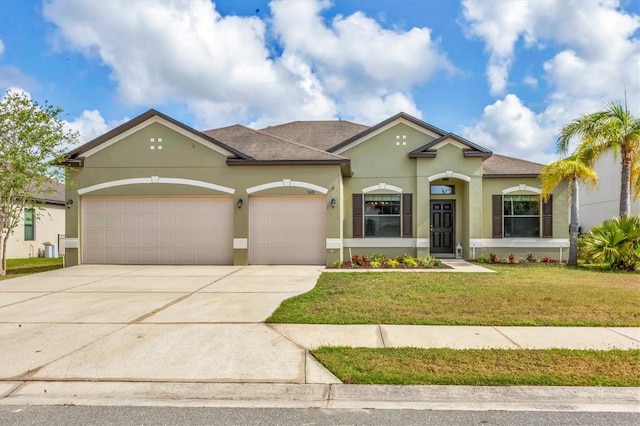 7418 61st St E, Palmetto, FL 34221 - mediterranean / spanish-style home featuring a front yard, roof with shingles, stucco siding, an attached garage, and driveway
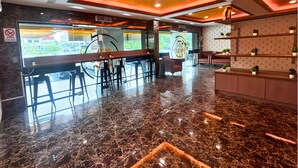 A modern bar area with a marble floor, seating, and a view of the street outside.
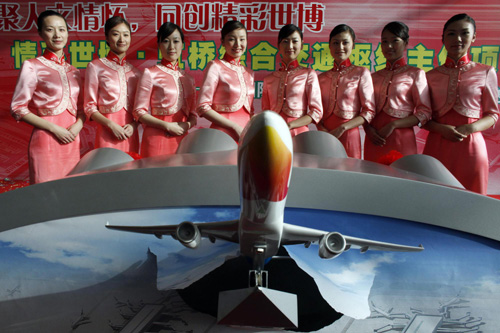 Hostesses pose for a photo after a ceremony for the opening of terminal 2 Shanghai Hongqiao International airport March 16, 2010.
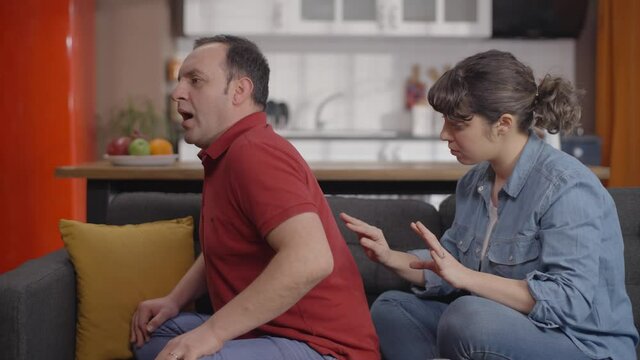 Woman massaging her partner's shoulder and back, suffering from back pain.The woman rubs and massages the sore spots with her hand.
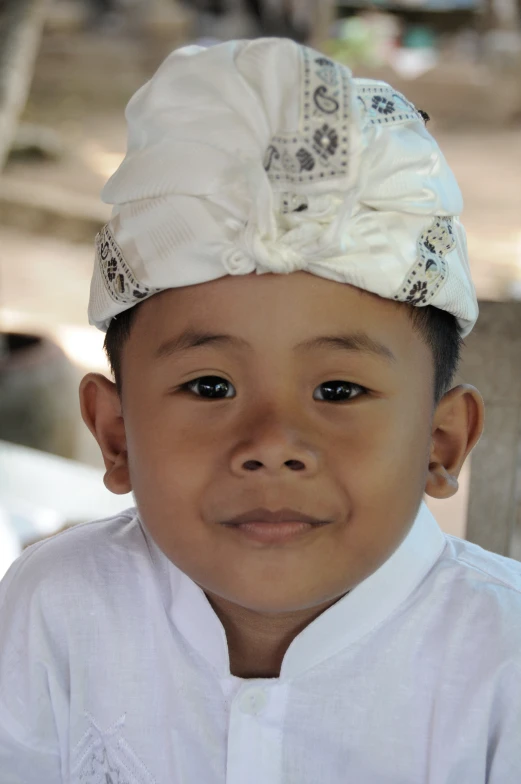 a child wearing a white shirt and hat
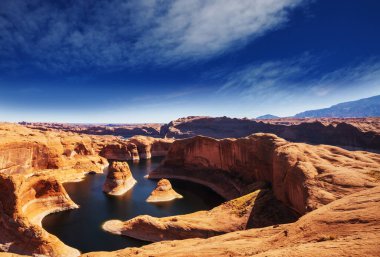 Alışılmadık doğal bir geçmiş. ABD, Utah, Powell Gölü 'ndeki yansıma kanyonu. Güzel gün batımı noktasında dinlenen ilham verici sahne adamı..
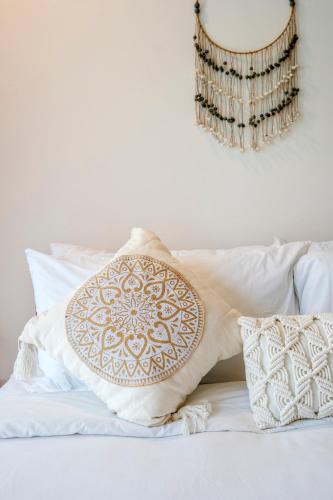 a bed with white pillows and a brown and white pillow at Villa Asri Nusa Dua in Nusa Dua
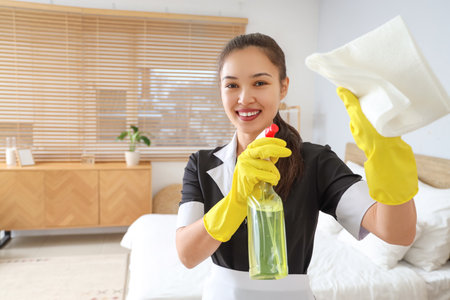 Young Asian chambermaid with detergent and rag in bedroomの写真素材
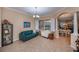 Cozy living room with comfortable seating, large windows, and an open layout at 1062 Eagles Flight Way, North Port, FL 34287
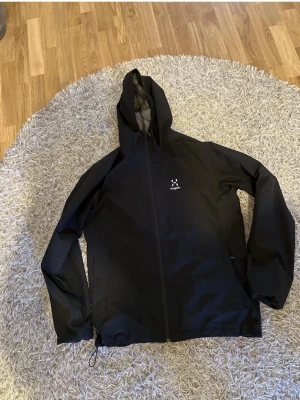 Svart vindjacka från Haglöfs - Snygg svart vindjacka från Haglöfs med minimalistisk design och hel dragkedja framtill. Jackan har huva och diskret logga på bröstet. Tillverkad i lätt och tåligt material som skyddar mot vind. Perfekt för dig som vill ha en stilren och funktionell jacka.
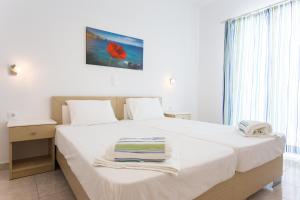 a bedroom with a white bed with towels on it at Theologos Beach in Antiparos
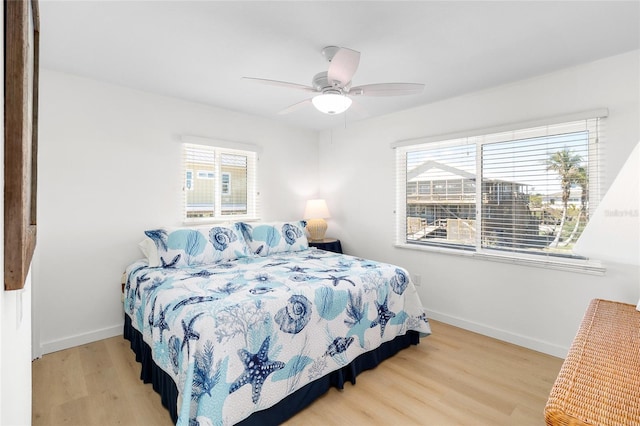 bedroom featuring ceiling fan, light wood-type flooring, and baseboards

================================

● **WORK TO BE COMPLETED**: Only the records, copied exactly and free of pictures, belong in the answer.

● **EXERCISE OUTPUT**:
 7418 61st St E, Palmetto, FL 34221 - mediterranean / spanish-style home featuring a front yard, roof with shingles, stucco siding, an attached garage, and driveway
 A modern bar area with a marble floor, seating, and a view of the street outside.
 Hostesses pose for a photo after a ceremony for the opening of terminal 2 Shanghai Hongqiao International airport March 16, 2010.
 Woman massaging her partner's shoulder and back, suffering from back pain.The woman rubs and massages the sore spots with her hand.
 a child wearing a white shirt and hat
 Alışılmadık doğal bir geçmiş. ABD, Utah, Powell Gölü 'ndeki yansıma kanyonu. Güzel gün batımı noktasında dinlenen ilham verici sahne adamı..
 a bed with white pillows and a brown and white pillow at Villa Asri Nusa Dua in Nusa Dua
 Young Asian chambermaid with detergent and rag in bedroomの写真素材
 Cozy living room with comfortable seating, large windows, and an open layout at 1062 Eagles Flight Way, North Port, FL 34287
 Svart vindjacka från Haglöfs - Snygg svart vindjacka från Haglöfs med minimalistisk design och hel dragkedja framtill. Jackan har huva och diskret logga på bröstet. Tillverkad i lätt och tåligt material som skyddar mot vind. Perfekt för dig som vill ha en stilren och funktionell jacka.
 a bedroom with a white bed with towels on it at Theologos Beach in Antiparos
 bedroom featuring ceiling fan, light wood-type flooring, and baseboards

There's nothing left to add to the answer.